Recreate the listing that follows line for line, without pictures.

(Beginning of The data)

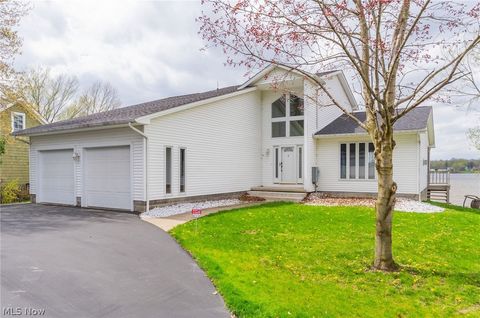 Photo of 1408 River Road, Lake Milton, OH 44429 (MLS # 5201314)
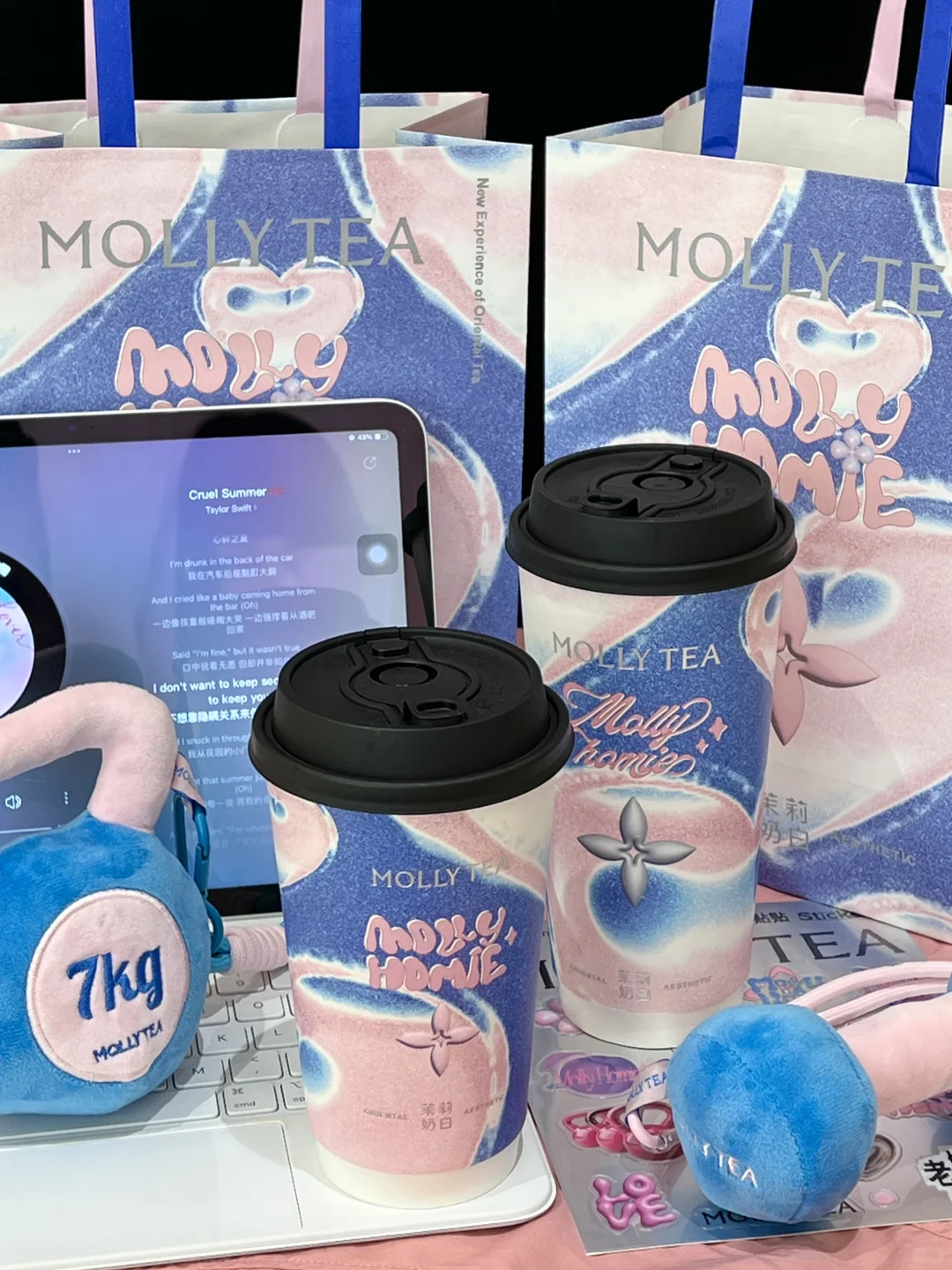 挖到宝！！奶白这杯堪称蜜桃奶茶届的封神之作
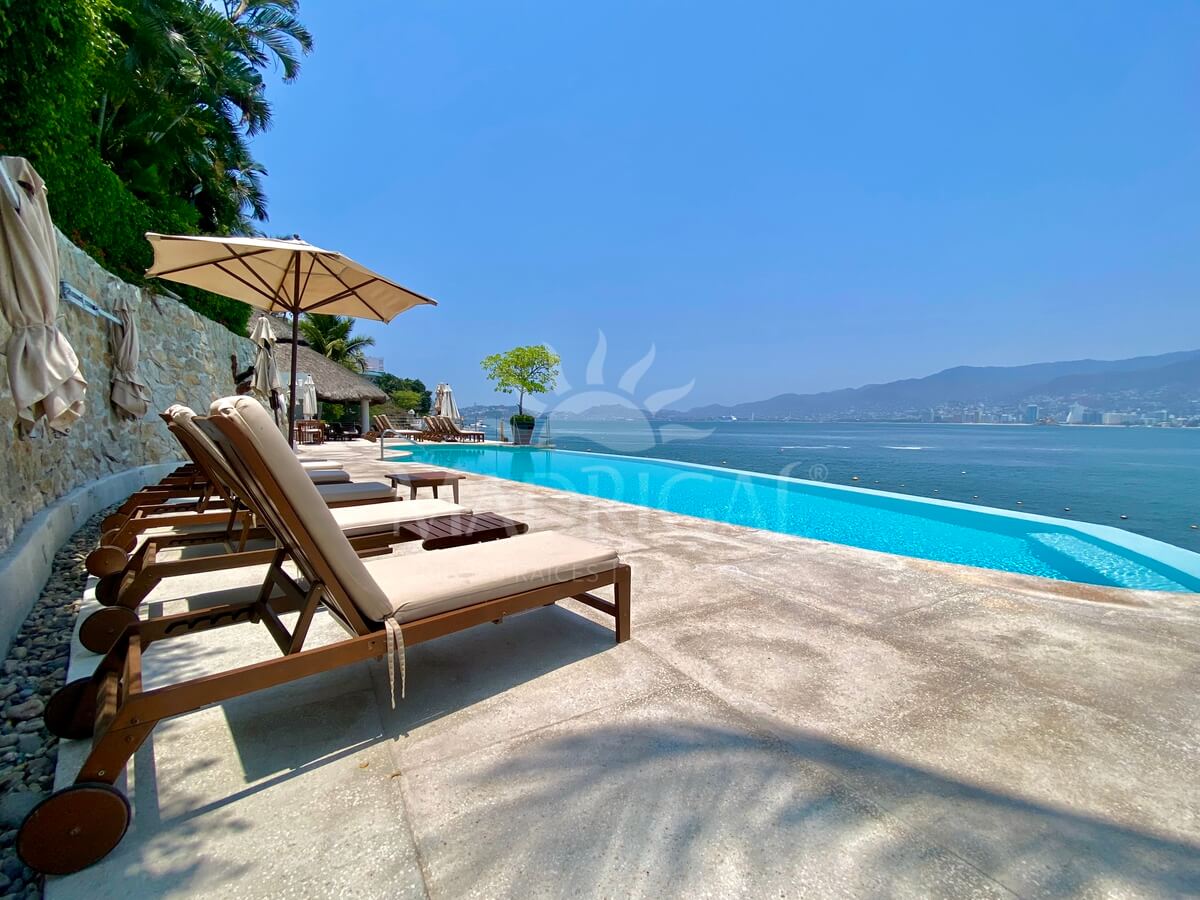Departamento en venta Portochervo en Acapulco con vista al mar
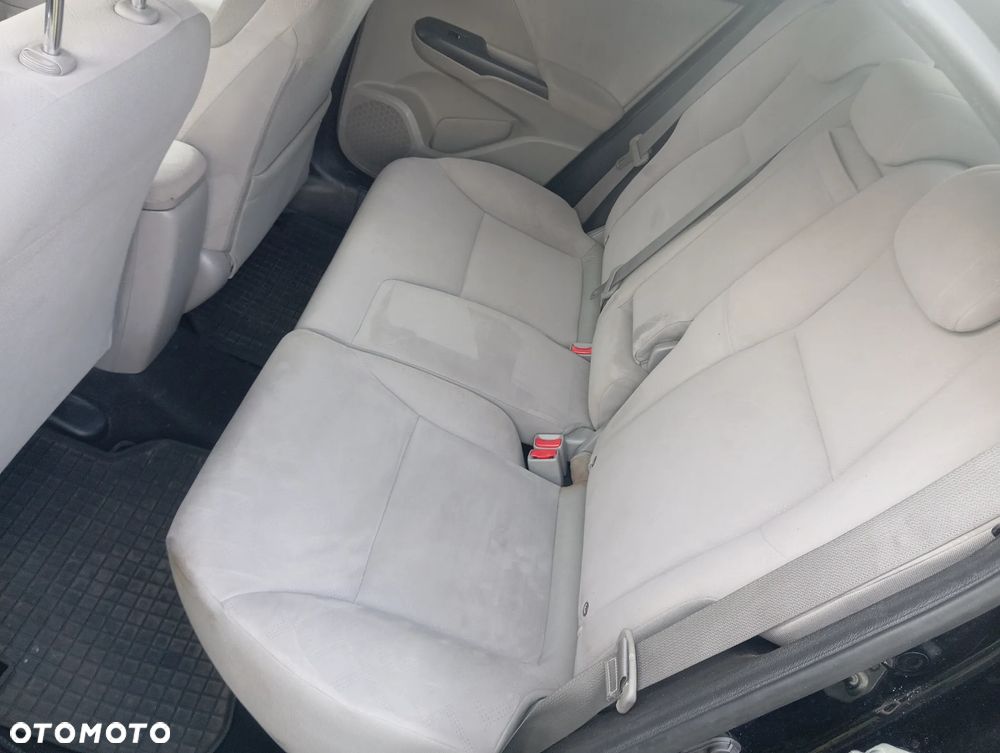 Honda Civic 1.6 i-DTEC Comfort Black Edition - 19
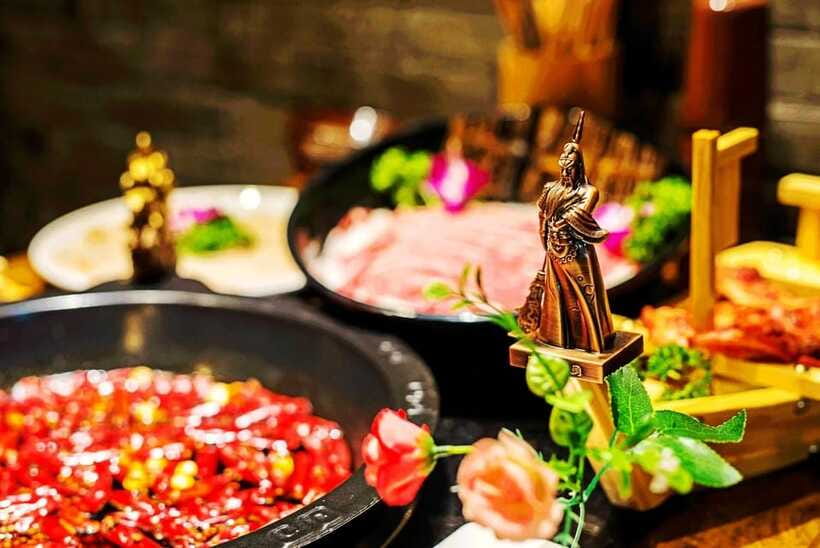 Shanghai By Night: Amazing River Cruise and Hot Pot Dinning - Timing, pace, and what to bring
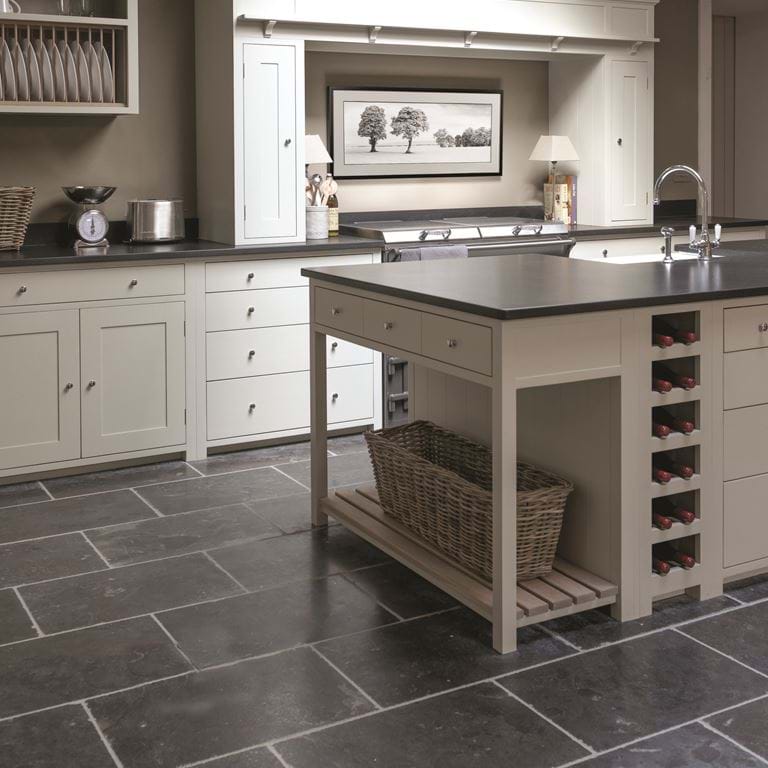 Suffolk kitchen - Sshowroom 2013 07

(End of The data)

■ **Reply**:
 Photo of 1408 River Road, Lake Milton, OH 44429 (MLS # 5201314)
 挖到宝！！奶白这杯堪称蜜桃奶茶届的封神之作
Departamento en venta Portochervo en Acapulco con vista al mar
 Honda Civic 1.6 i-DTEC Comfort Black Edition - 19
 Shanghai By Night: Amazing River Cruise and Hot Pot Dinning - Timing, pace, and what to bring
 Suffolk kitchen - Sshowroom 2013 07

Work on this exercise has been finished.